When asked by CNN if he would urge Trump, who has long labeled Democrats as “evil” and the “enemy,” to change his own rhetoric, Johnson said the president “has been called the most despicable names by people on the left for a long, long time.”
“Look, there’s a lot of heated rhetoric all around and what I’m trying to advance here is the idea that we can have vigorous policy debates,” he added, according to CNN.
Johnson then pointed to Kirk, a devoted ally of Trump, as an example, saying, “We can have vehement disagreements on policy, but it shouldn’t be personal.”
“At the end of the day, we’re trying to bring people to our mode of thinking, and it’s more effective that way when you handle it that way. And I think Charlie was a great example of that,” he added.
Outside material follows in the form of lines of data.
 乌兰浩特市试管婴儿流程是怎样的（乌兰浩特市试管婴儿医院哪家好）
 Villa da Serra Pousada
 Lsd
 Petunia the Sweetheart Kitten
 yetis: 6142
The exchange came as Trump and other MAGA leaders have insisted that the left is more responsible for the recent spike in political violence than the right after Kirk, 31, was killed while speaking to a Utah college campus.
“Well, the problem is on the left,” Trump said to reporters outside Air Force One on Tuesday, according to Fox News.
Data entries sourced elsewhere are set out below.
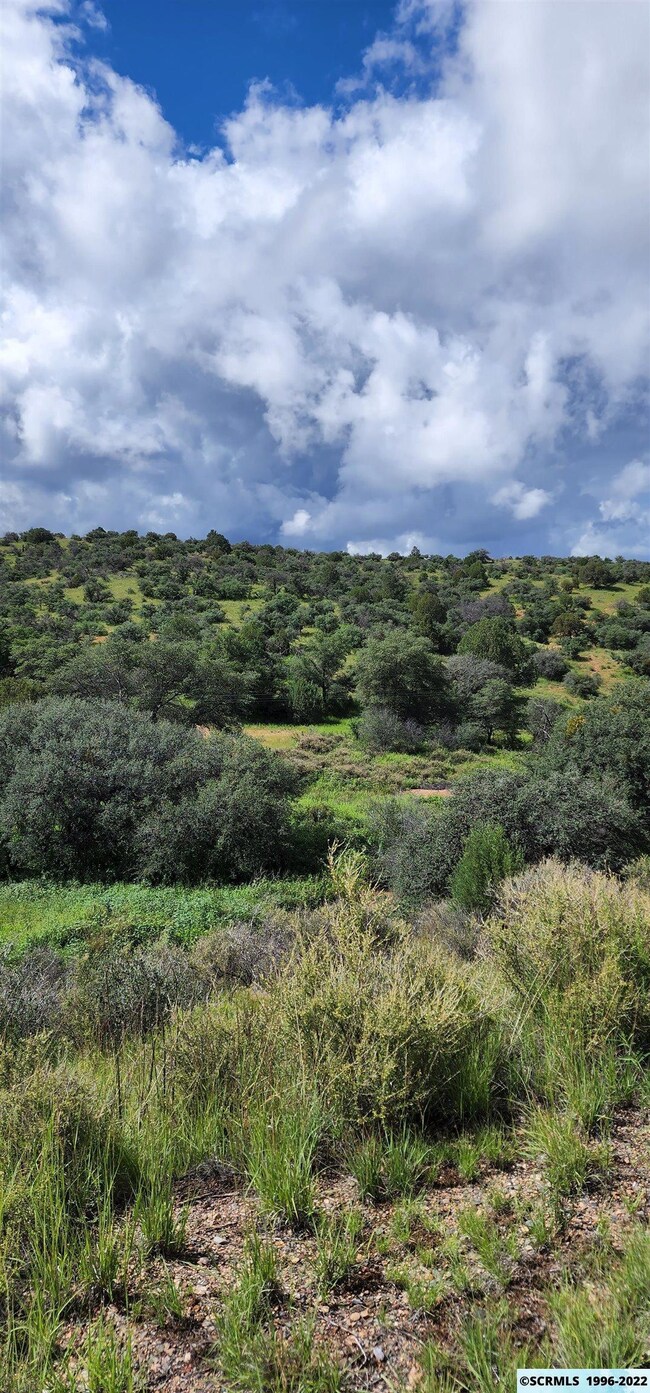 33xx Highway 90, Silver City, NM 88061 - photo 7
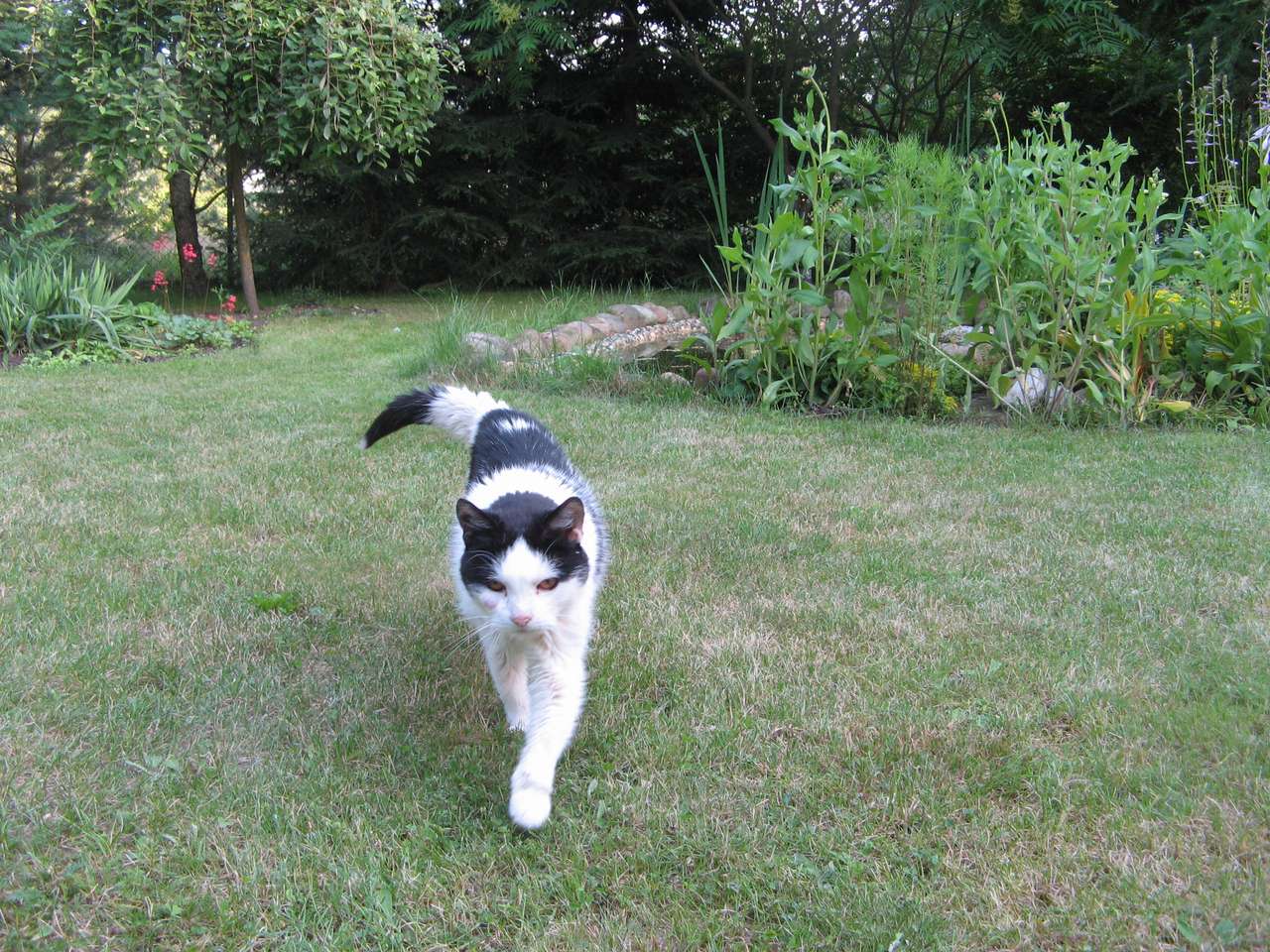 Коте в градината онлайн пъзел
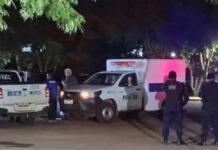 Professor da UF esquece filho de 3 anos no carro e ele não resiste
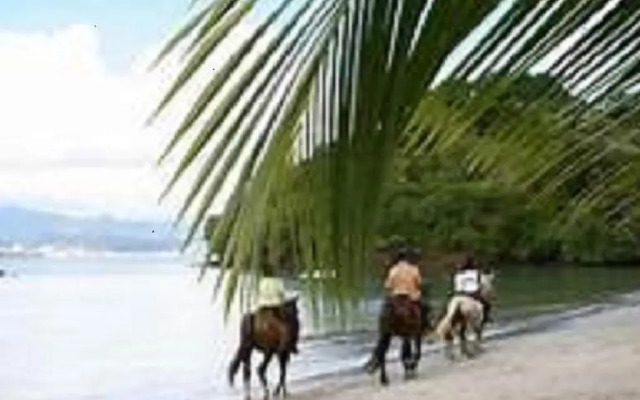 Appartement Rosbambou les pieds dans l eau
“The problem is on the left if you look at the problem – it’s not on the right like some people like to say, on the right. The problem we have is on the left. When you look at the agitators, you look at the scum that speaks so badly of our country, the American flag burnings all over the place, that’s the left, that’s not the right,” he said.
Kirk’s killing during a speaking engagement at Utah Valley University, which was caught on horrifying footage and blasted across social media, has been deeply polarizing.
In the days following his death, Republicans have been demanding action against anyone who has reacted to the killing by “praising, rationalising, or making light” of it or by “belittling” his memory.
Meanwhile, Kirk’s suspected killer, 22-year-old Tyler Robinson, was formally charged with aggravated murder and several other charges on Tuesday.
He will face the death penalty if convicted, officials said.